- [What you will do] An exact copy of every entry is needed, without any of the pictures.

- [Available records]
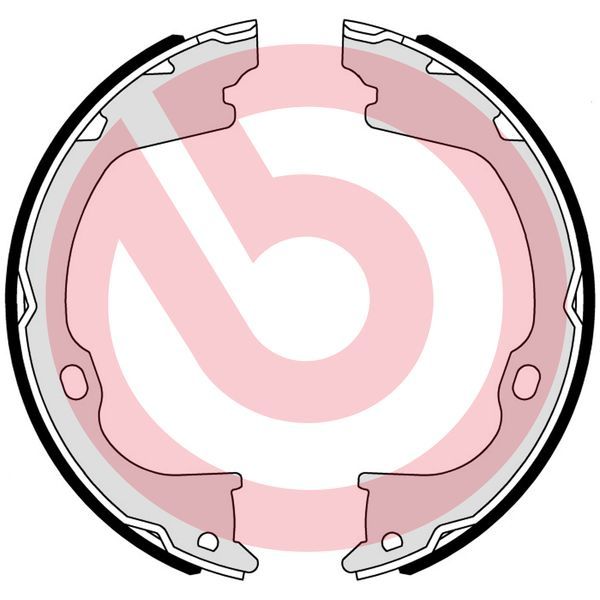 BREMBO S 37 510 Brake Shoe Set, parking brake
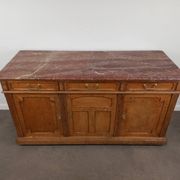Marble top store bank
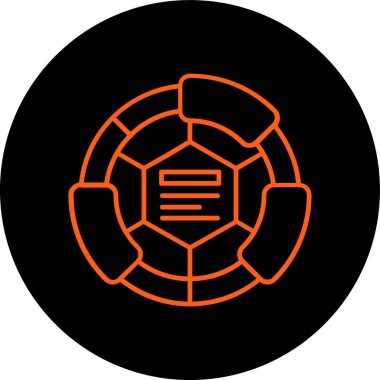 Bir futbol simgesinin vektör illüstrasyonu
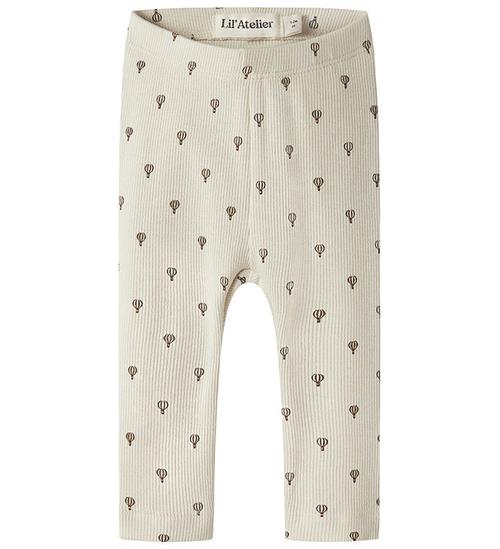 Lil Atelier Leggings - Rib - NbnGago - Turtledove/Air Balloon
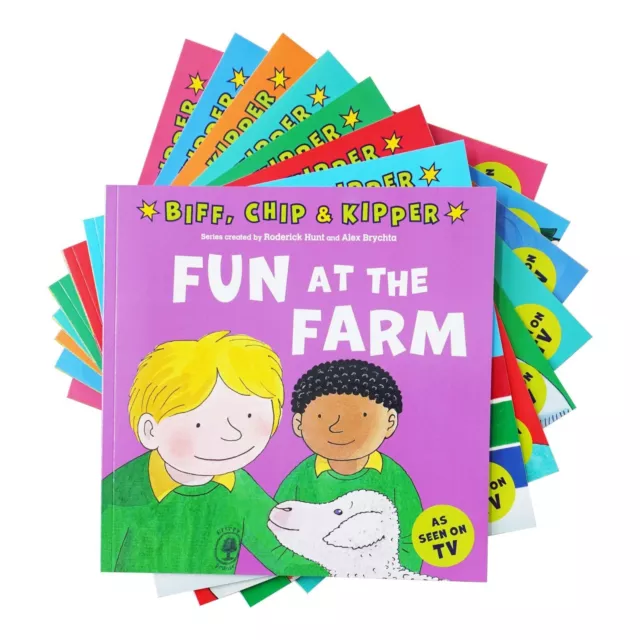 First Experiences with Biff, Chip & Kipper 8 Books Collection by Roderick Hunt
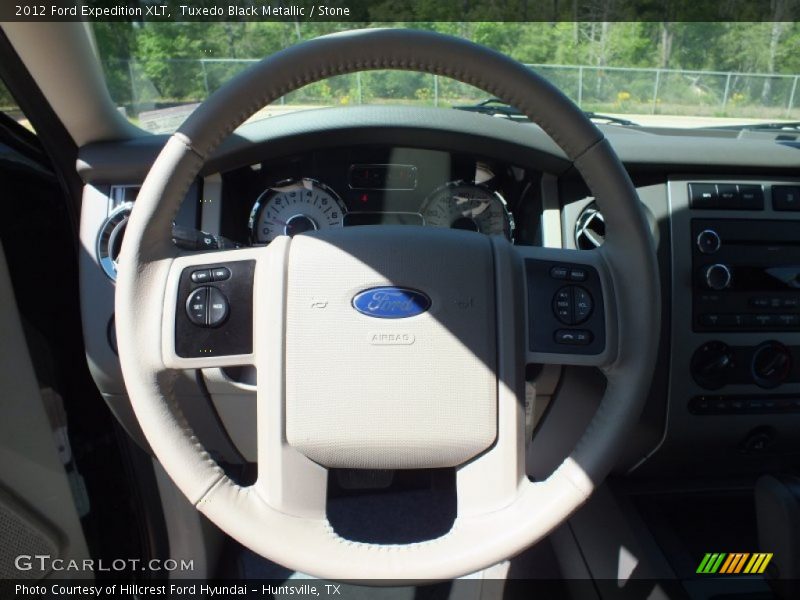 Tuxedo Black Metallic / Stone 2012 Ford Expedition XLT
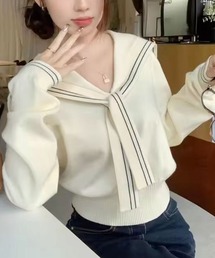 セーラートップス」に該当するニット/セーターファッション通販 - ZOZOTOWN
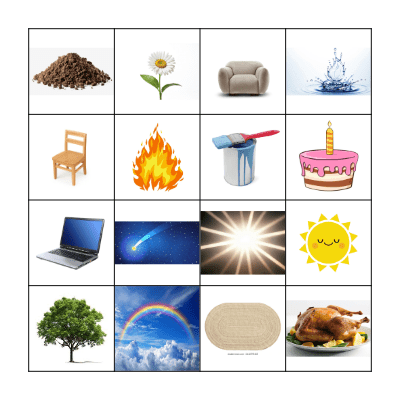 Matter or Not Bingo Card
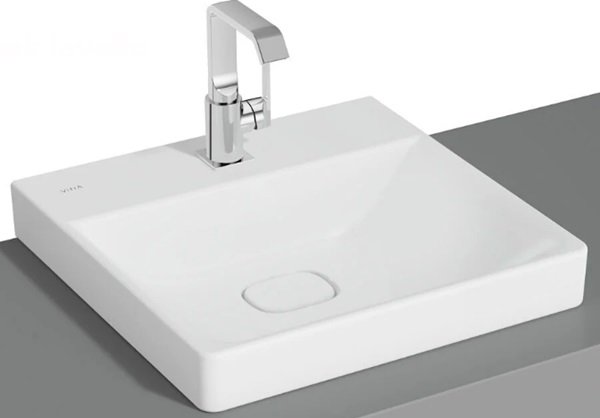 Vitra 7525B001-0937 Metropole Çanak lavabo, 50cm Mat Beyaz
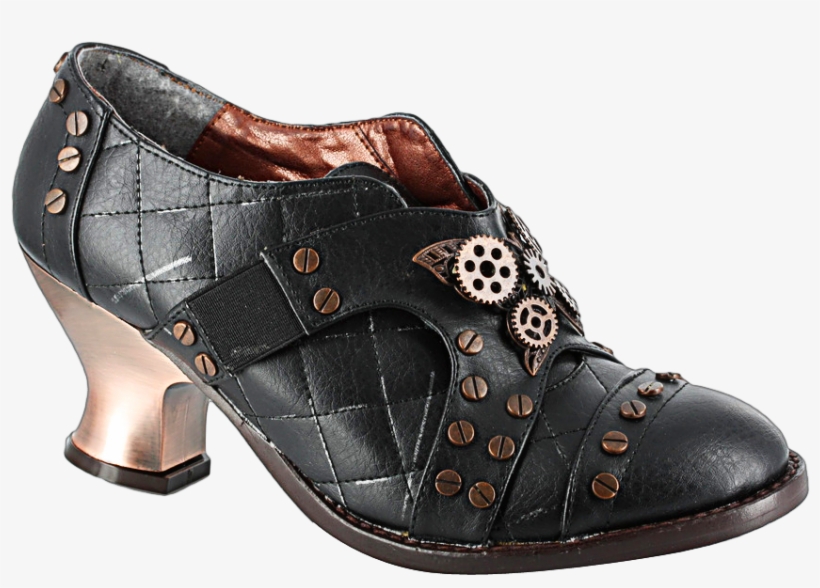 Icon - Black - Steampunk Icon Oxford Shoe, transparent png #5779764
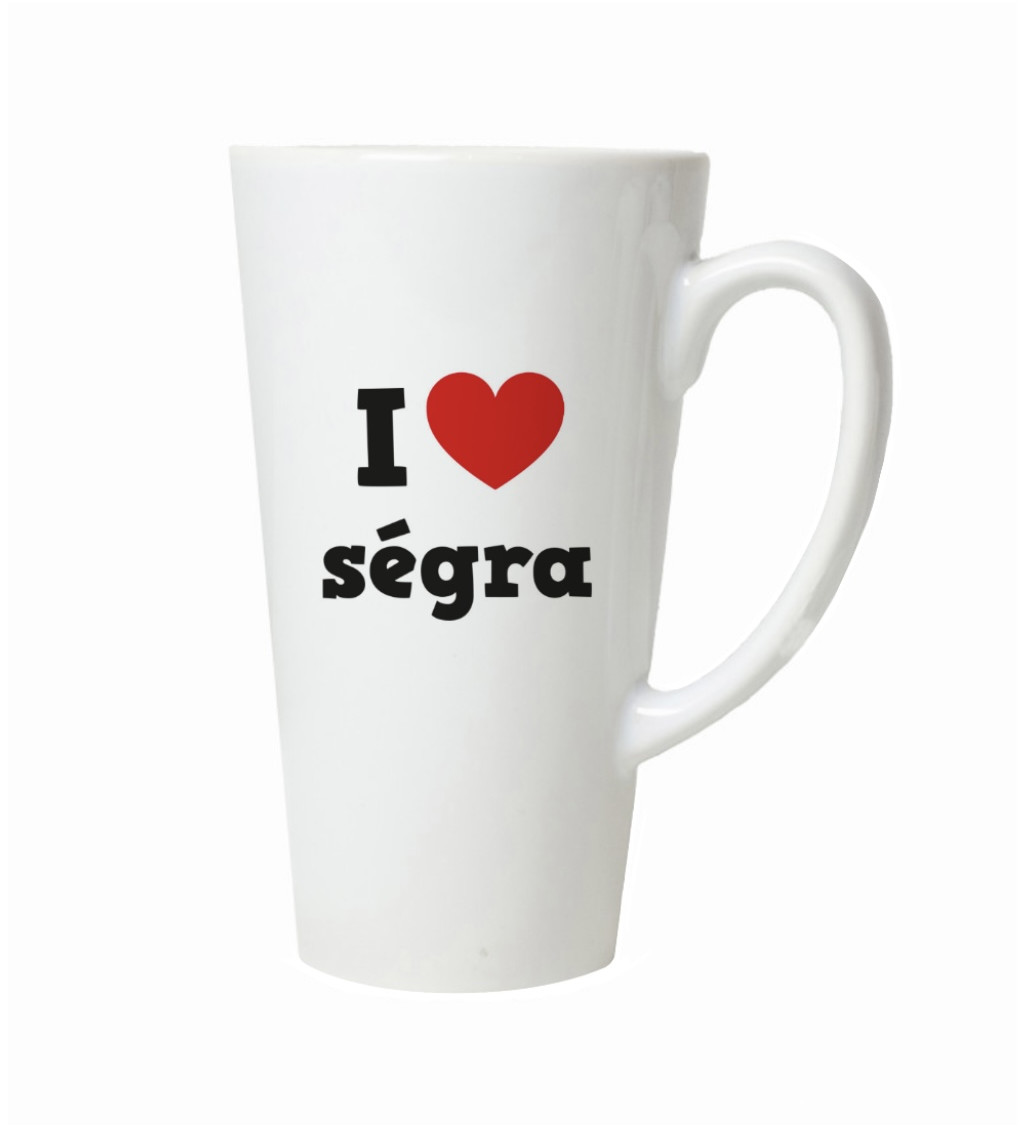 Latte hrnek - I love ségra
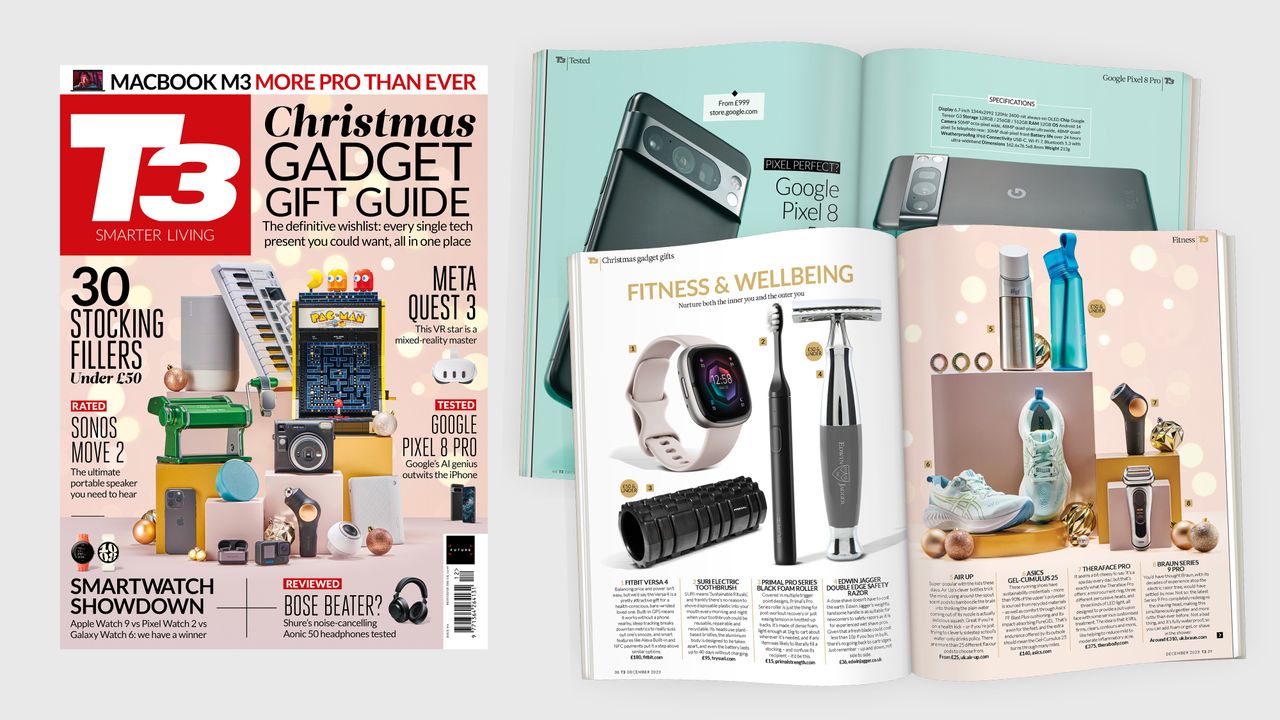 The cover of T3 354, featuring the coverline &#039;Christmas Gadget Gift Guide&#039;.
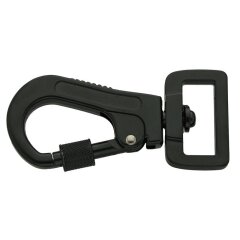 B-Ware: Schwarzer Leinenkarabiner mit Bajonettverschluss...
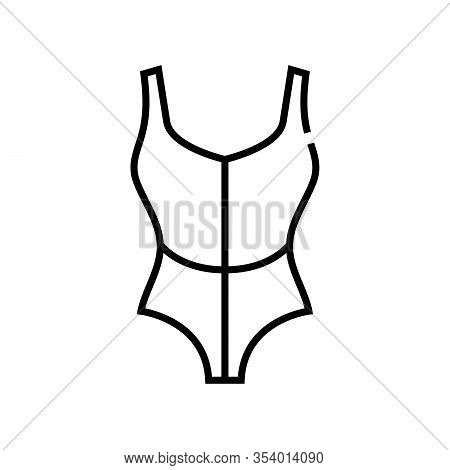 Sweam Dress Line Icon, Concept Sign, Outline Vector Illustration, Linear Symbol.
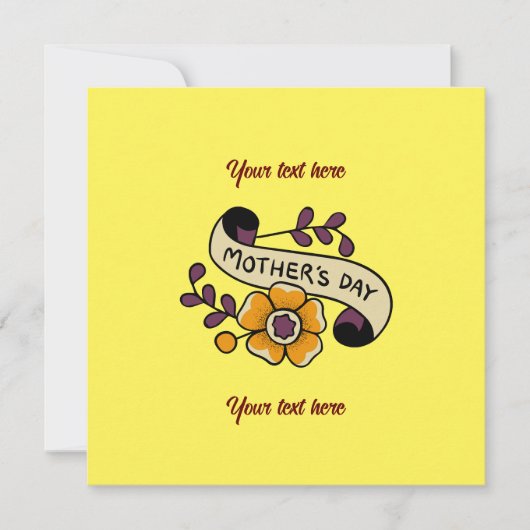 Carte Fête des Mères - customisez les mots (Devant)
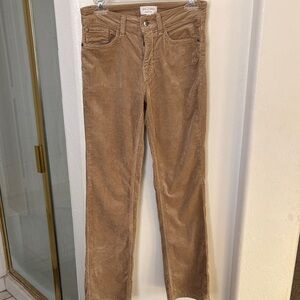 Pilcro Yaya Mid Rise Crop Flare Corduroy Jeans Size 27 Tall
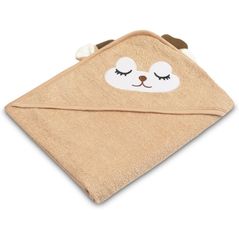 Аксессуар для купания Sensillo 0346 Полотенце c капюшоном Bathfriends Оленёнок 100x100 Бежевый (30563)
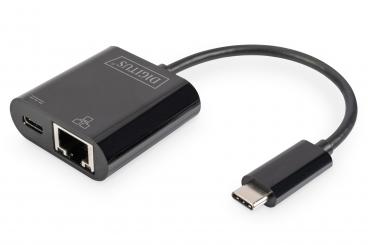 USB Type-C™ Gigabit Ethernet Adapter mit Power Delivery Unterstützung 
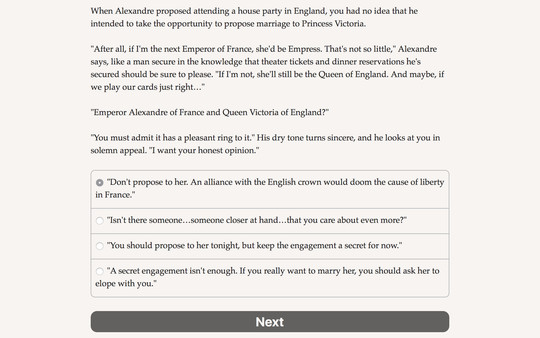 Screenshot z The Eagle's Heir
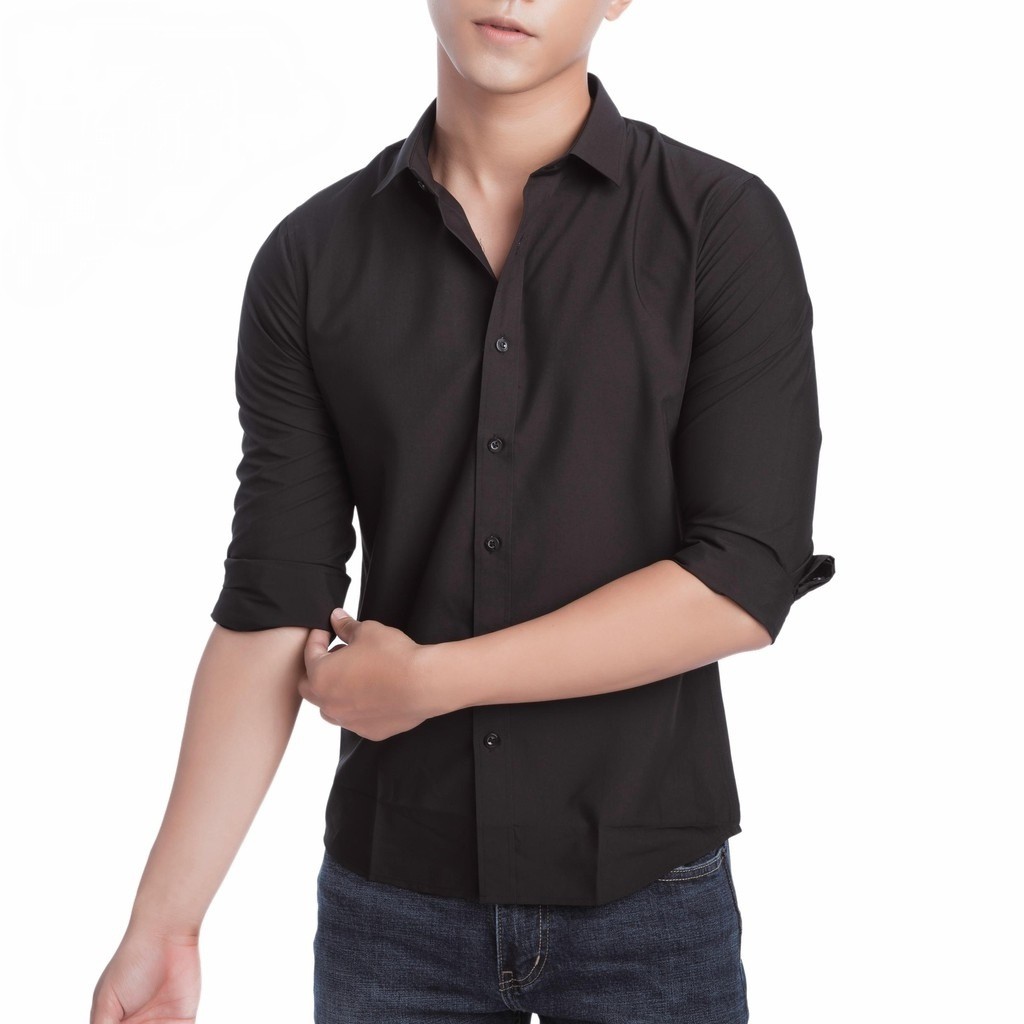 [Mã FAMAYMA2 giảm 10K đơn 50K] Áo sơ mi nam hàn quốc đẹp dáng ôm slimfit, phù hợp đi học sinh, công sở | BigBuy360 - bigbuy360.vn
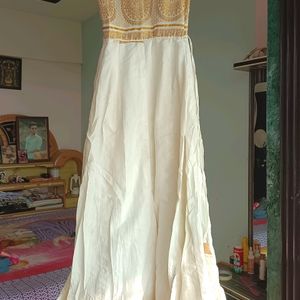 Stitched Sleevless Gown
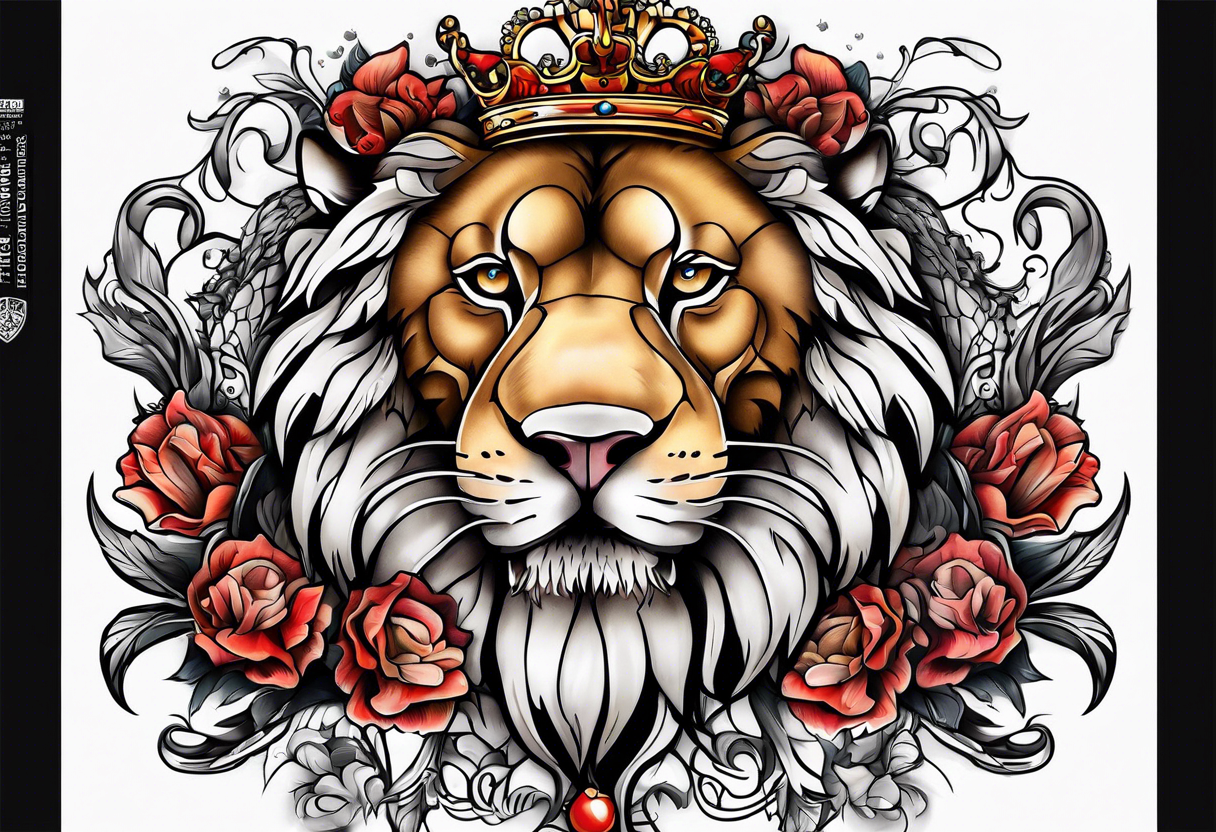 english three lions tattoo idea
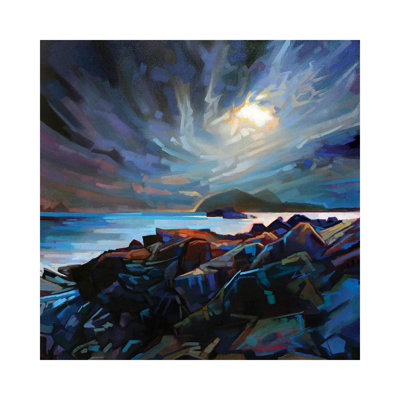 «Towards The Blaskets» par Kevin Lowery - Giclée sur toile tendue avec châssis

- [Output of the exercise]
 BREMBO S 37 510 Brake Shoe Set, parking brake
Marble top store bank
 Bir futbol simgesinin vektör illüstrasyonu
 Lil Atelier Leggings - Rib - NbnGago - Turtledove/Air Balloon
 First Experiences with Biff, Chip & Kipper 8 Books Collection by Roderick Hunt
 Tuxedo Black Metallic / Stone 2012 Ford Expedition XLT
 セーラートップス」に該当するニット/セーターファッション通販 - ZOZOTOWN
 Matter or Not Bingo Card
 Vitra 7525B001-0937 Metropole Çanak lavabo, 50cm Mat Beyaz
 Icon - Black - Steampunk Icon Oxford Shoe, transparent png #5779764
 Latte hrnek - I love ségra
 The cover of T3 354, featuring the coverline &#039;Christmas Gadget Gift Guide&#039;.
 B-Ware: Schwarzer Leinenkarabiner mit Bajonettverschluss...
 Sweam Dress Line Icon, Concept Sign, Outline Vector Illustration, Linear Symbol.
 Carte Fête des Mères - customisez les mots (Devant)
 Pilcro Yaya Mid Rise Crop Flare Corduroy Jeans Size 27 Tall
 Аксессуар для купания Sensillo 0346 Полотенце c капюшоном Bathfriends Оленёнок 100x100 Бежевый (30563)
 USB Type-C™ Gigabit Ethernet Adapter mit Power Delivery Unterstützung 
 Screenshot z The Eagle's Heir
 [Mã FAMAYMA2 giảm 10K đơn 50K] Áo sơ mi nam hàn quốc đẹp dáng ôm slimfit, phù hợp đi học sinh, công sở | BigBuy360 - bigbuy360.vn
 Stitched Sleevless Gown
 english three lions tattoo idea
 «Towards The Blaskets» par Kevin Lowery - Giclée sur toile tendue avec châssis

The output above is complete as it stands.